Sanctuaire

Dans le train abandonné de l’ancien président Jafaar Nimeiry, Khartoum (Soudan), mars 2020.

J’extrais du chaos qui passe une forme qui dure.

Le monde est une énigme pour qui exige des réponses. Mais nous autres les humains sommes de bien curieuses créatures : seuls au monde à pouvoir toucher l’absence, nous nourrissons l’esprit par la main et la main par l’esprit. Ainsi, nous caressons les choses que nous trouvons belles : la joue d’une petite Aphrodite, l’épaule d’un cavalier de bronze, le visage fuyant d’une photographie, la dépouille effondrée d’un mur, le dessin de nos pères, une margelle de marbre, une tunique plissée tombant sur une sandale, une porte fermée sur la disparition.

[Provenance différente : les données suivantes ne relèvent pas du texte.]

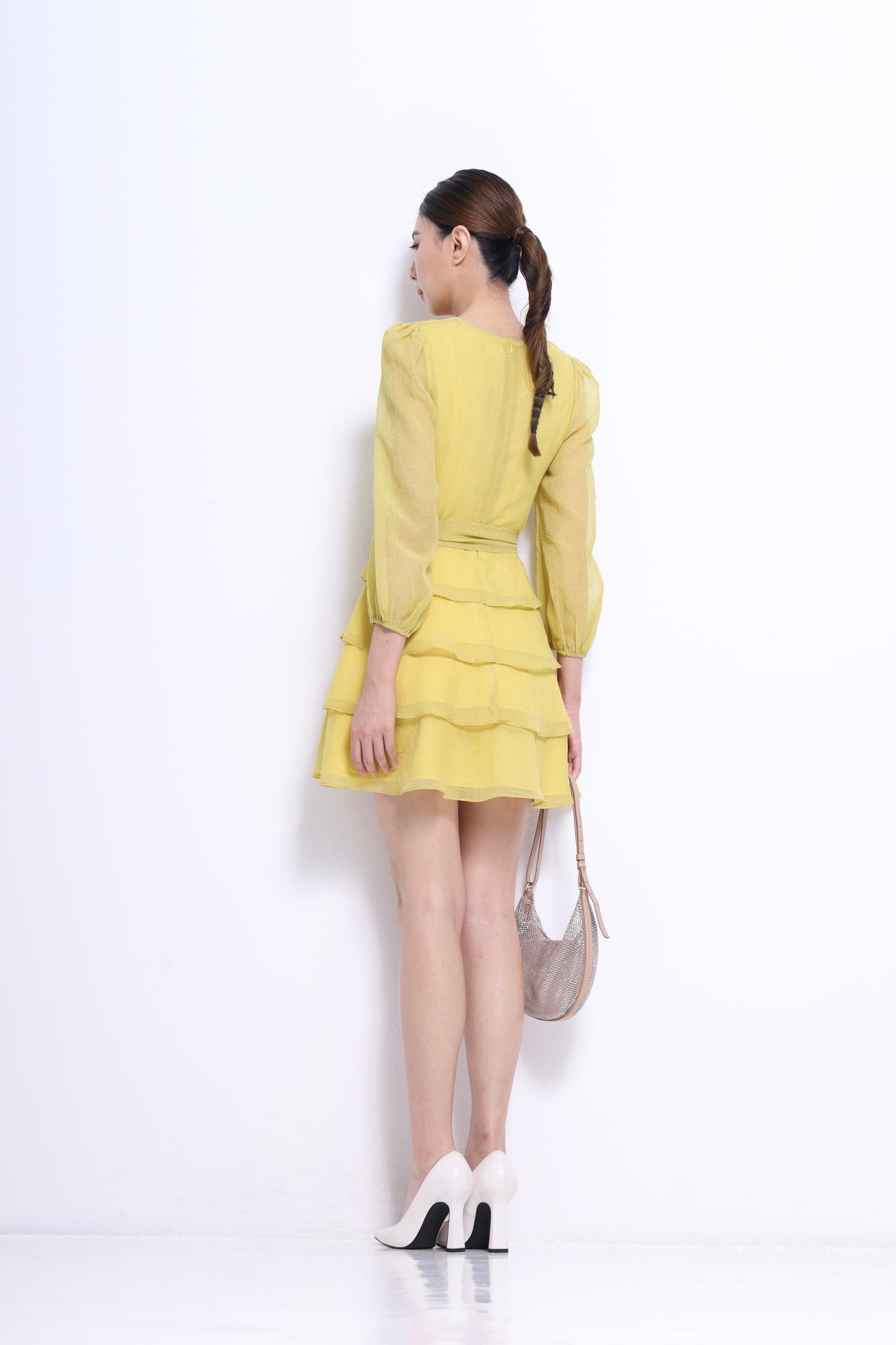 Celeste V-Neck Ruffles Midi Dress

Et ces choses pourtant mystérieuses, pourtant fragmentaires, incomplètes et lointaines, sont d’un coup comme des preuves ; elles marquent la fin de nos raisonnements. Nous nous arrêtons là et le monde existe soudain, dans l’envers et l’endroit de la lumière.

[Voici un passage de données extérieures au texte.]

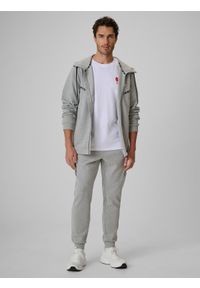 4f - 4F Bluza kibica z kapturem męska - szara XXL. Okazja: na co dzień. Typ kołnierza: kaptur. Kolor: szary. Wzór: nadruk. Styl: casual, sportowy #2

Mais puisque la matière disparaît avec le temps et que nous ne pouvons plus approcher ce qui a disparu que du bout des phalanges, comment espérons-nous retrouver les traces des choses immatérielles, entendre les confidences et revoir les gestes des morts ?

Par la voix, la voix seule, le récit tout haut. —Tel est le seul et dernier refuge des morts et de leur génie.